[YOUR TASK]: Omit all pictures and transcribe only the lines in the entries below that run from the line with "Blick vom Aventin" through the line with "Snapshot of Pedro_x777".

[DATA TO EXAMINE]:
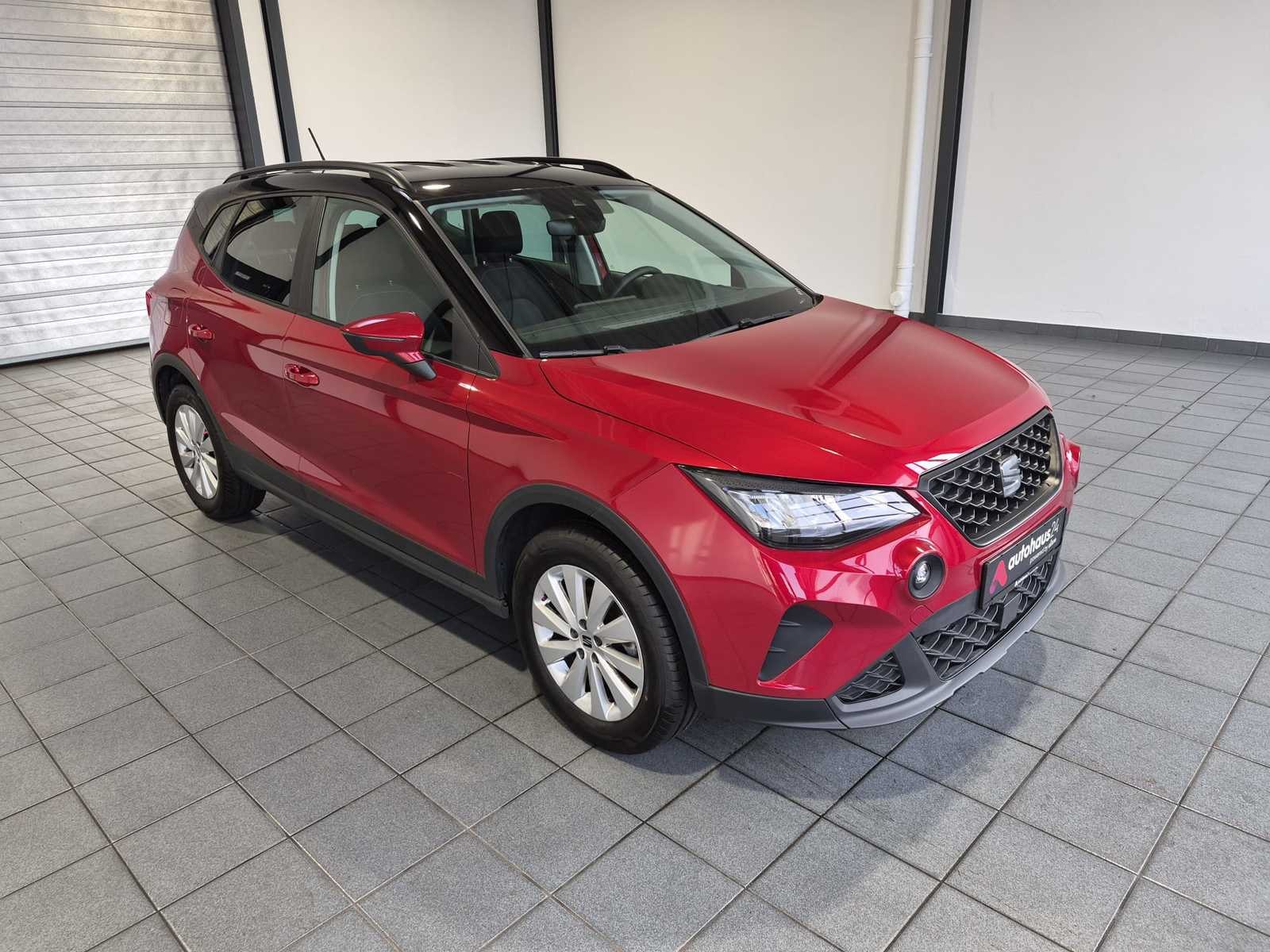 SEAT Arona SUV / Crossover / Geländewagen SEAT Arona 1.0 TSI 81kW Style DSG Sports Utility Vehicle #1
* * *
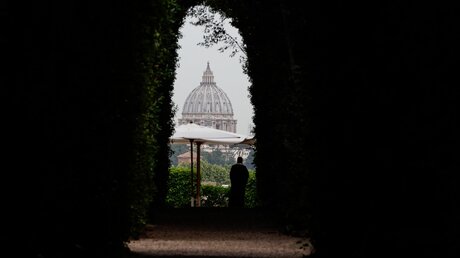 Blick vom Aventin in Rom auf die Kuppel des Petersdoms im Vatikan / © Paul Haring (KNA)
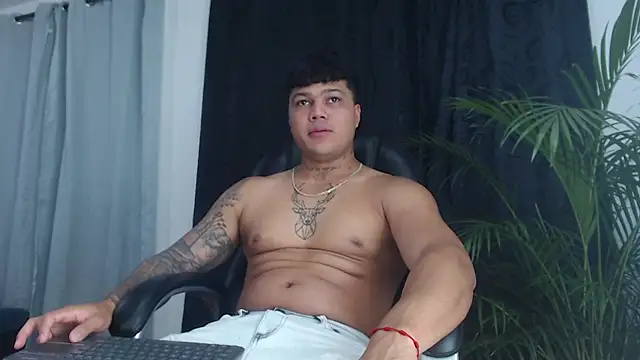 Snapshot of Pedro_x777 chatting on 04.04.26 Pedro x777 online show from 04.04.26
--
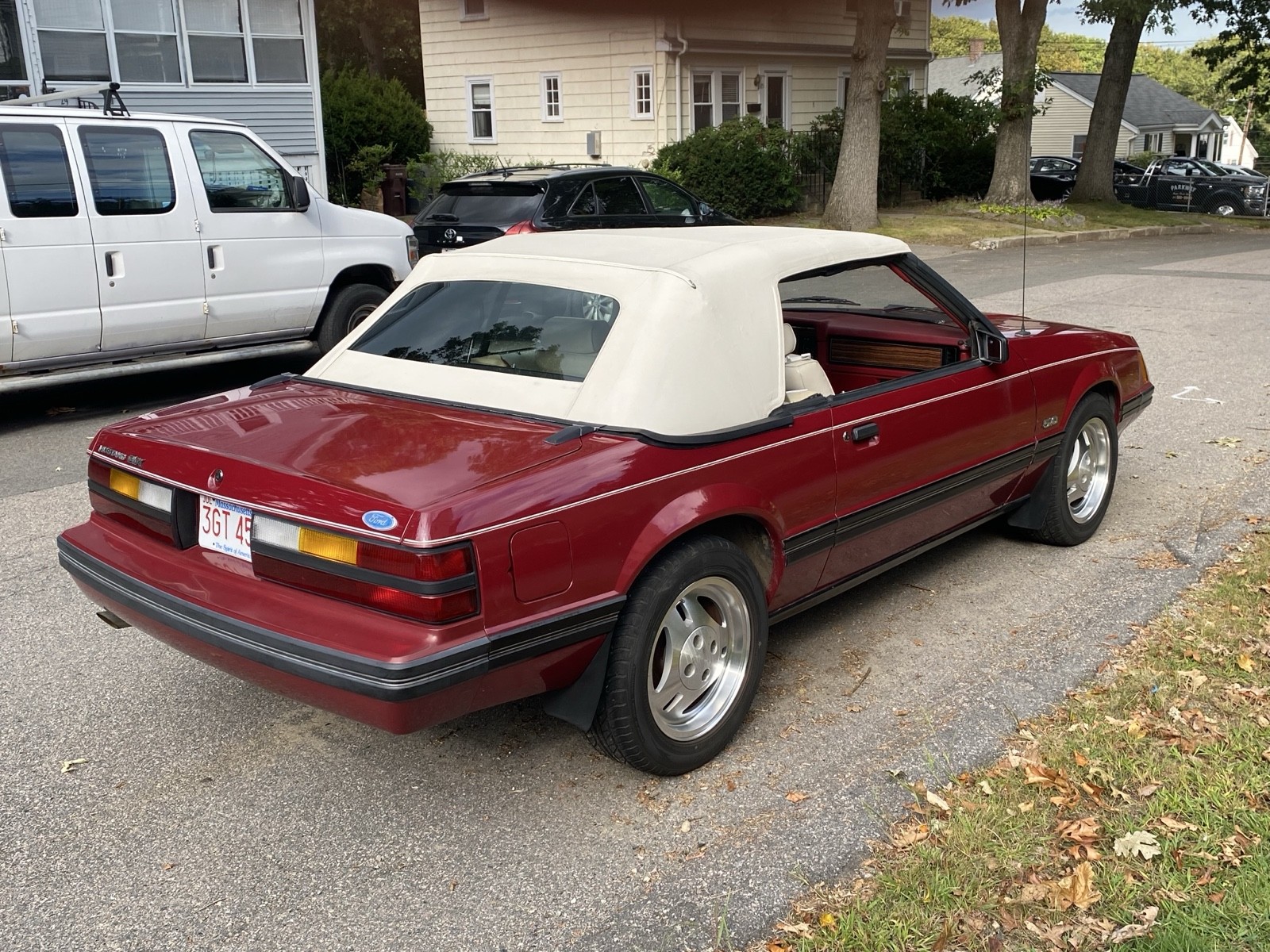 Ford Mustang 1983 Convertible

[EXPECTED ANSWER]:
 Blick vom Aventin in Rom auf die Kuppel des Petersdoms im Vatikan / © Paul Haring (KNA)
 Snapshot of Pedro_x777 chatting on 04.04.26 Pedro x777 online show from 04.04.26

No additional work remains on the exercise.